Task objective: After reading the data below, copy out every line that contains the word "Period".

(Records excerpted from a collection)
+-------+

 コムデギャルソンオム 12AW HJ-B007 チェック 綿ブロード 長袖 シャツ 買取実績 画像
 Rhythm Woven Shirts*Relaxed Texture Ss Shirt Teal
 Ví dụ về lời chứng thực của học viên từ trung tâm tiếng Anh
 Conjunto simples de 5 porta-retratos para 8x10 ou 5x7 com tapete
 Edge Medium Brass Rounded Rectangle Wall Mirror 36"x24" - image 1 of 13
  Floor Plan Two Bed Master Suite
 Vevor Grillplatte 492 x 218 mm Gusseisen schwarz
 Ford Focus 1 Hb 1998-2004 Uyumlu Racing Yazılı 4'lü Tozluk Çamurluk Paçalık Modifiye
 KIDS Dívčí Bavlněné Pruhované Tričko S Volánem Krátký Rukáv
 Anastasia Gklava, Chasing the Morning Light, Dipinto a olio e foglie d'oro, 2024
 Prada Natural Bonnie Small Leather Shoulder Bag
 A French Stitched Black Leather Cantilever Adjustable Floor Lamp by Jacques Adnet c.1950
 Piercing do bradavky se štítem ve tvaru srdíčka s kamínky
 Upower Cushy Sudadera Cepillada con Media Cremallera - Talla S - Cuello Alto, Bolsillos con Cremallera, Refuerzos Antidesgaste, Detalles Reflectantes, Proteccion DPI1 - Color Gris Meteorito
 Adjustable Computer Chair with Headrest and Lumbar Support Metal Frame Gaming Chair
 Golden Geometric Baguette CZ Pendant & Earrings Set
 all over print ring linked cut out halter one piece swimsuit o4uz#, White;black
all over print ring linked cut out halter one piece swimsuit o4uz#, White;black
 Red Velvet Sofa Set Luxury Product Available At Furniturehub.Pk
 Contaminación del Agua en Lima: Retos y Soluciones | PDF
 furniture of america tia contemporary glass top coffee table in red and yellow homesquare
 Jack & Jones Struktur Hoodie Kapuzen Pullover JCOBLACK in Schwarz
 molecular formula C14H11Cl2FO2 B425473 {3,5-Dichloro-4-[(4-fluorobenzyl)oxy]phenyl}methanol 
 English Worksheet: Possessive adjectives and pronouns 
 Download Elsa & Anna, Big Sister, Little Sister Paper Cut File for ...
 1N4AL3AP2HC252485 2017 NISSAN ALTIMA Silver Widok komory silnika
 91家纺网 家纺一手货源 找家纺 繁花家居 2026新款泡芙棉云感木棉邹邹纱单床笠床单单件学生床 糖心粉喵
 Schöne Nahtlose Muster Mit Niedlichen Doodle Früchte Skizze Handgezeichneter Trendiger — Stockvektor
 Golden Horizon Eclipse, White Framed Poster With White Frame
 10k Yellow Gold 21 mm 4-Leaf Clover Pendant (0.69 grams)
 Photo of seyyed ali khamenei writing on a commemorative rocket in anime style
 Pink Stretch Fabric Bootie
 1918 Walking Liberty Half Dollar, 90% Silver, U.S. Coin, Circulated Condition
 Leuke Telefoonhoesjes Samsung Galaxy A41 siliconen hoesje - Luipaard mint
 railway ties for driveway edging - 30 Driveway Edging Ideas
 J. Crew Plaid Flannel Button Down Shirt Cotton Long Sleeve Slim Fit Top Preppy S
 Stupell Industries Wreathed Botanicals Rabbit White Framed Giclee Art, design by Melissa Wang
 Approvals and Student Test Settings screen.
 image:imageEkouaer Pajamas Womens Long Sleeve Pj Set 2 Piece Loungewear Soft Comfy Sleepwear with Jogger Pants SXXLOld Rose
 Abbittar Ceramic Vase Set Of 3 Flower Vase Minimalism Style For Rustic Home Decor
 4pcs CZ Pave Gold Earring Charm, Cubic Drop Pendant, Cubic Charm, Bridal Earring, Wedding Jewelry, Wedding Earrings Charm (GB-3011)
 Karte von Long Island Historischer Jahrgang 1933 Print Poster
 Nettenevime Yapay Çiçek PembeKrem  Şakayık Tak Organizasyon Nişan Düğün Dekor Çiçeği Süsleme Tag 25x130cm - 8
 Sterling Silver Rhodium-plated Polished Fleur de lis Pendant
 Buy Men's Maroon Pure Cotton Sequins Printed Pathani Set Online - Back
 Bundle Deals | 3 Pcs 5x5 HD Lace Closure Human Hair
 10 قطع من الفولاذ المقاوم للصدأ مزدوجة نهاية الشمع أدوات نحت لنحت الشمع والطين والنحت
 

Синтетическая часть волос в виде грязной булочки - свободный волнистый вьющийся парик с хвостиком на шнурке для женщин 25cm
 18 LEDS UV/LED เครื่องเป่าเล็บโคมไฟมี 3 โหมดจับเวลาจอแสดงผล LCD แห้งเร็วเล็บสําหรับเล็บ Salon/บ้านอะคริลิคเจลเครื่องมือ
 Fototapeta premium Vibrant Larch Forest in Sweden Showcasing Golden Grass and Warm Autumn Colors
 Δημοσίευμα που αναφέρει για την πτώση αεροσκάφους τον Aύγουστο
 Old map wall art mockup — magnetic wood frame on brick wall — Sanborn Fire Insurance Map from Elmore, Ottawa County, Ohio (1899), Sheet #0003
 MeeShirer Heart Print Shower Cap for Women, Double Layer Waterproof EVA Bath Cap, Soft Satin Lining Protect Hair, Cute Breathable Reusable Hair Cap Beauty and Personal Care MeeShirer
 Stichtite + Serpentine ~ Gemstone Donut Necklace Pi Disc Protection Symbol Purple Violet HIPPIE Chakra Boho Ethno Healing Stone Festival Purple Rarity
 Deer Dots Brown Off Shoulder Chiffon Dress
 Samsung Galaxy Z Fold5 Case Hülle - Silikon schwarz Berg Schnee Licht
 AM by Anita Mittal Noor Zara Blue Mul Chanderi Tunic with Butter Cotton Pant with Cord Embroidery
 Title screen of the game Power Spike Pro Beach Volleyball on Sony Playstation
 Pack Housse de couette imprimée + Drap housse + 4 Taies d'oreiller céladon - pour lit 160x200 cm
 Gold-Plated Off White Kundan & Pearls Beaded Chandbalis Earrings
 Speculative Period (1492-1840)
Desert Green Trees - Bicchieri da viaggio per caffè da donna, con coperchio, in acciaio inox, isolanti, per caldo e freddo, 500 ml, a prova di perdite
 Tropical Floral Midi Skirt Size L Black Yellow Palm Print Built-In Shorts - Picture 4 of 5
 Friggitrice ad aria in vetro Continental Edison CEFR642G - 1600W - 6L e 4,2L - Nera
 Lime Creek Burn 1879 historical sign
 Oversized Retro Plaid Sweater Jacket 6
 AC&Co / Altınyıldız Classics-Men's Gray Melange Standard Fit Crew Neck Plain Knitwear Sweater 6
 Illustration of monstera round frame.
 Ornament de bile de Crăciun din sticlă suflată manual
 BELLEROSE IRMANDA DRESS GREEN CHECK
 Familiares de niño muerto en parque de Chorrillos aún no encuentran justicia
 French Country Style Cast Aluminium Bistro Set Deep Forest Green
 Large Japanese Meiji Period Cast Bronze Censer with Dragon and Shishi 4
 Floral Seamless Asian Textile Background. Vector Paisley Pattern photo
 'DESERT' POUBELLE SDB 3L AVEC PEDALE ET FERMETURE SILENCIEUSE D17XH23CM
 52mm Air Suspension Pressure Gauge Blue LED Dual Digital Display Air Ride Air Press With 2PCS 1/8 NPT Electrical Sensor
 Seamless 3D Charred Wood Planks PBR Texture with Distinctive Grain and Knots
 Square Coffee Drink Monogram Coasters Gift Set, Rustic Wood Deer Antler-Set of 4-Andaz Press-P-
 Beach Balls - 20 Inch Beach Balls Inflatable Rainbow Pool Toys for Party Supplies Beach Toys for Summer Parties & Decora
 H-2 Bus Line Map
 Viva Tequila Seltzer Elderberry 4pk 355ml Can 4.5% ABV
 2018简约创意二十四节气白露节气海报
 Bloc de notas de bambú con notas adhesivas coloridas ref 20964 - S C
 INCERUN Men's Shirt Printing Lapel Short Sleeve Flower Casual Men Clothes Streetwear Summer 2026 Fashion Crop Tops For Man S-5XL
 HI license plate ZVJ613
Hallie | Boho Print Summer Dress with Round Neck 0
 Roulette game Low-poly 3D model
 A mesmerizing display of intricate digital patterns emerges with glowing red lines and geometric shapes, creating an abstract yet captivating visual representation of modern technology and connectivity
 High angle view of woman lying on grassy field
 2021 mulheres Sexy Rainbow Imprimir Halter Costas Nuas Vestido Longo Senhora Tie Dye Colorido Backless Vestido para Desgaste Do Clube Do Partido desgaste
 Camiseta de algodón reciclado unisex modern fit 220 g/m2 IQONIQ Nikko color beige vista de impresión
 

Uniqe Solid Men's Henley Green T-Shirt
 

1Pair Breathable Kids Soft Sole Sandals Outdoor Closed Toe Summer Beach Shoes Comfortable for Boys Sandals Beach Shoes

+-------+

Result for this exercise:
 Speculative Period (1492-1840)
 Large Japanese Meiji Period Cast Bronze Censer with Dragon and Shishi 4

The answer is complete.